What the task requires:
Repeat exactly what runs from the line with "A smooth pink cake with small floral details" through the last line of the material, and keep the pictures out of it.

Supplied material:
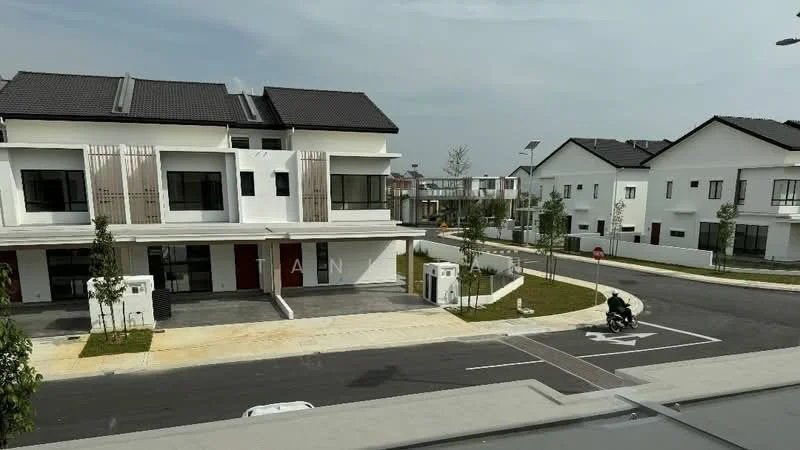 Exterior type: linked terrace house; features: white painted facade, flat roof, two-storey building, manicured lawn, paved walkway, street parking, solar panels on roof, modern architectural design, surrounded by greenery, driveway with interlocking pavers; style: modern.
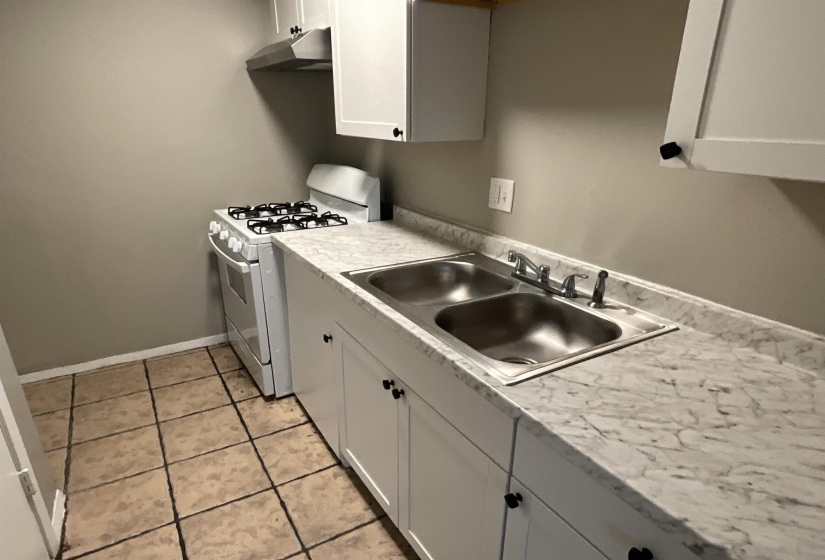 Kitchen featuring gas range gas stove, a sink, under cabinet range hood, light tile patterned floors, and light countertops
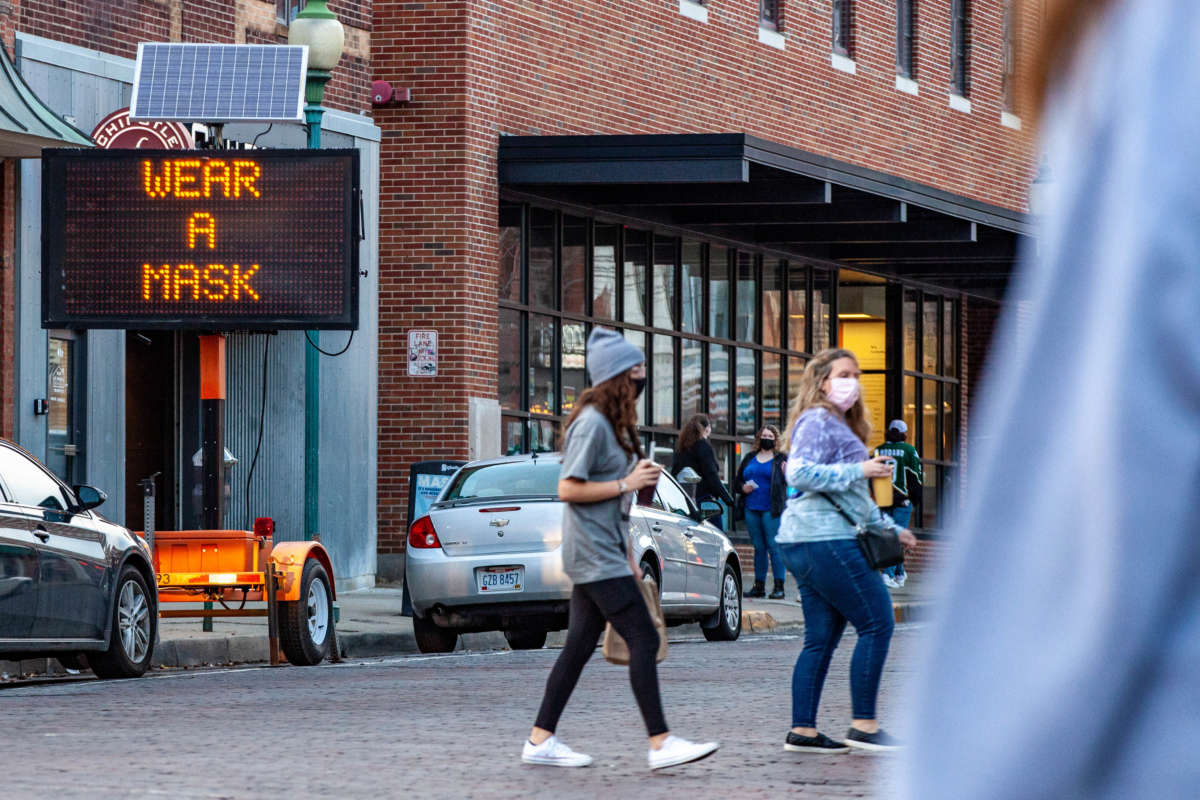 A public sign reads "wear a mask" as people cross the street in Athens, Ohio, on February 27, 2021.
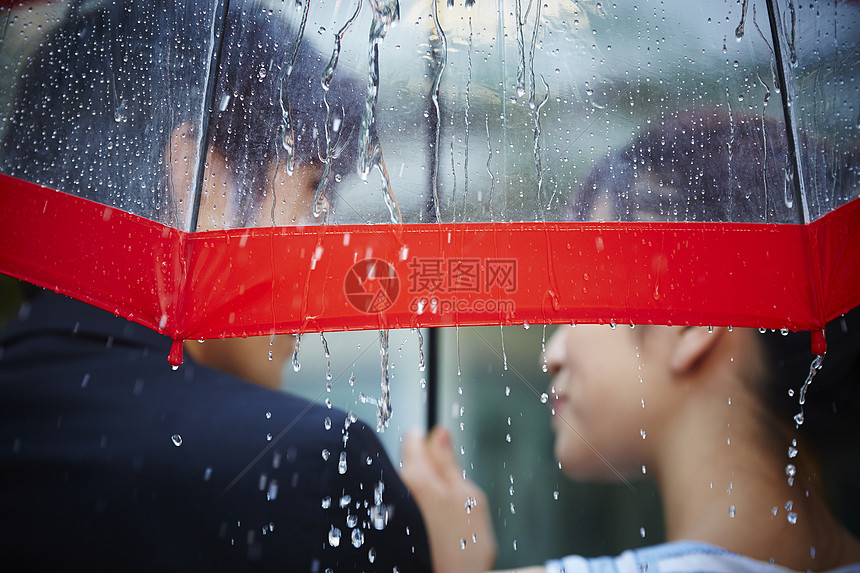 亚洲人有趣笑脸走在雨中的夫妇图片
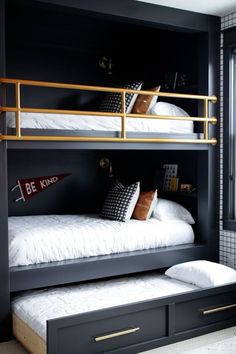 the bunk bed is built into the wall and has two drawers underneath it, along with pillows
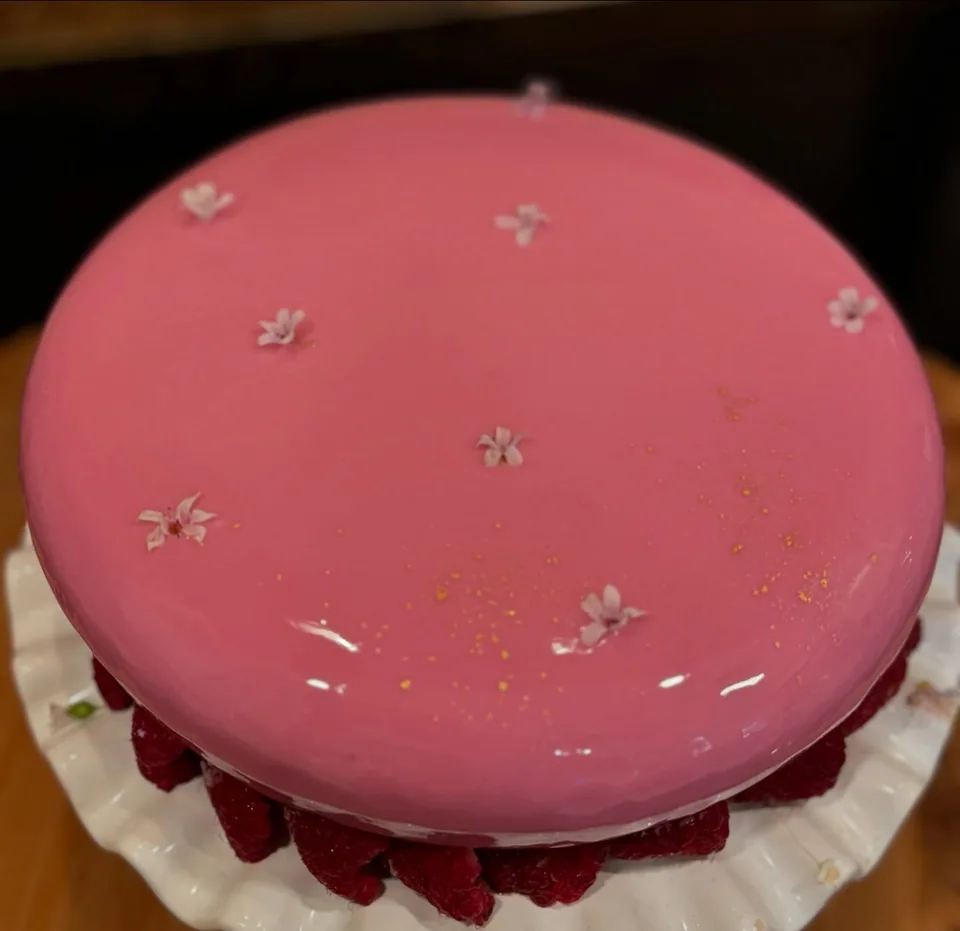 A smooth pink cake with small floral details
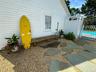 View of home's exterior featuring a fenced in pool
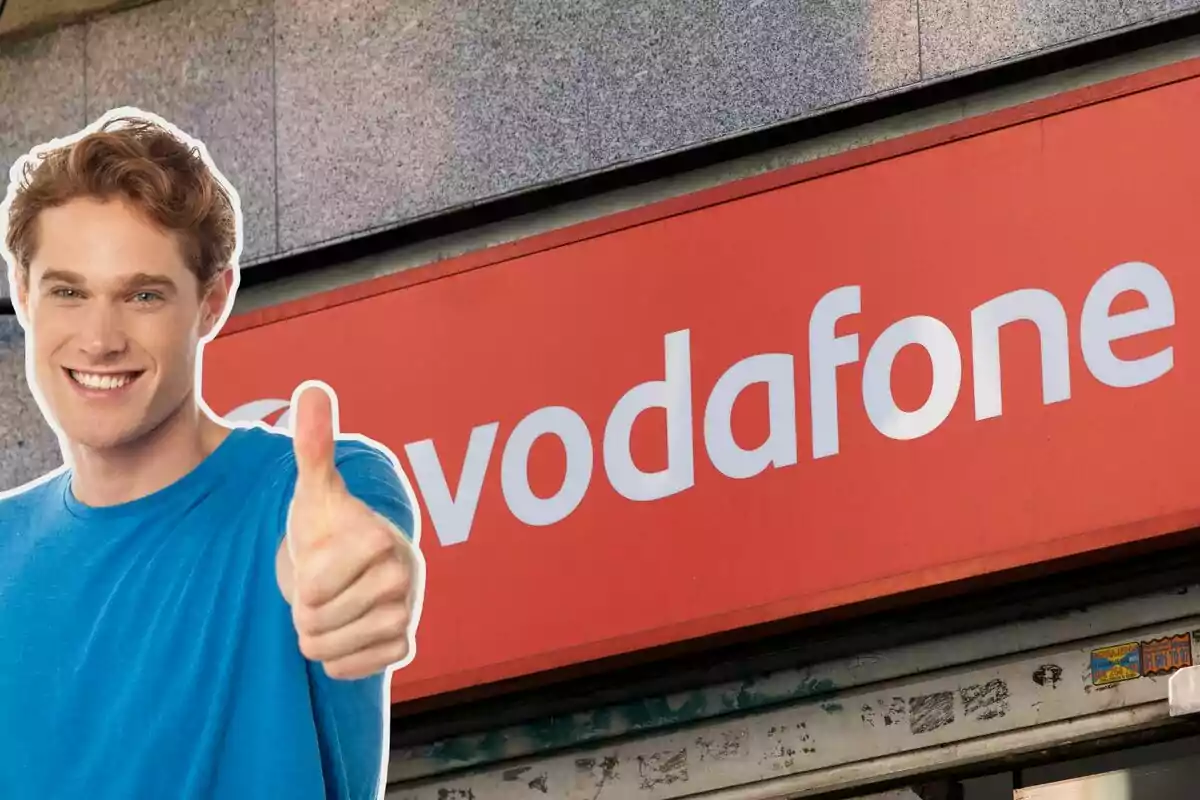 Hombre sonriendo con pulgar hacia arriba frente a un cartel de Vodafone.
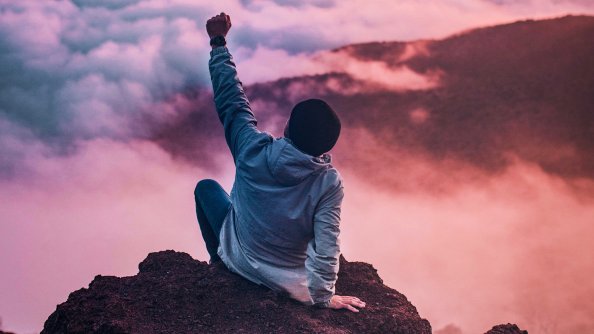 Person Sitting On Rock Looking At Sky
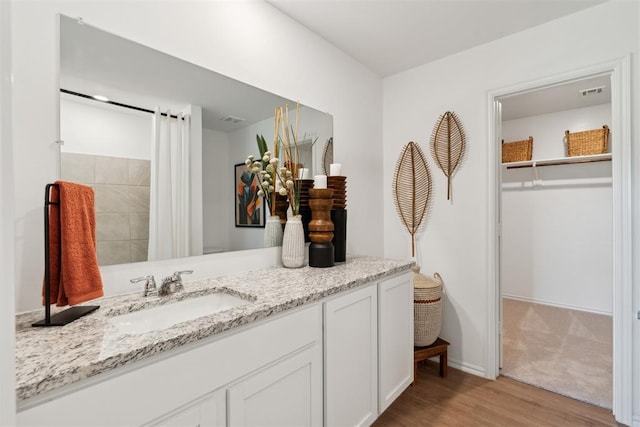 bathroom with visible vents, vanity, baseboards, and wood finished floors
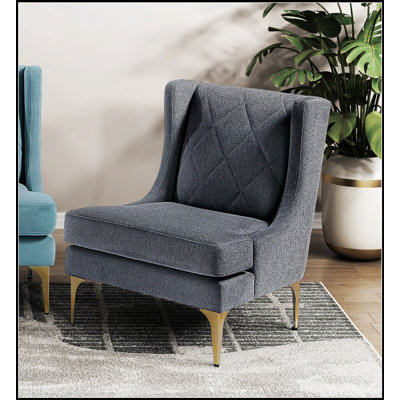 Fauteuil d'appoint moderne et luxueux à oreilles, revêtu de chenille, avec pieds en métal au fini doré, ressorts ensachés et surpiqûres en losange pour plus d'élégance et de confort.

Answer:
 A smooth pink cake with small floral details
 View of home's exterior featuring a fenced in pool
 Hombre sonriendo con pulgar hacia arriba frente a un cartel de Vodafone.
 Person Sitting On Rock Looking At Sky
 bathroom with visible vents, vanity, baseboards, and wood finished floors
 Fauteuil d'appoint moderne et luxueux à oreilles, revêtu de chenille, avec pieds en métal au fini doré, ressorts ensachés et surpiqûres en losange pour plus d'élégance et de confort.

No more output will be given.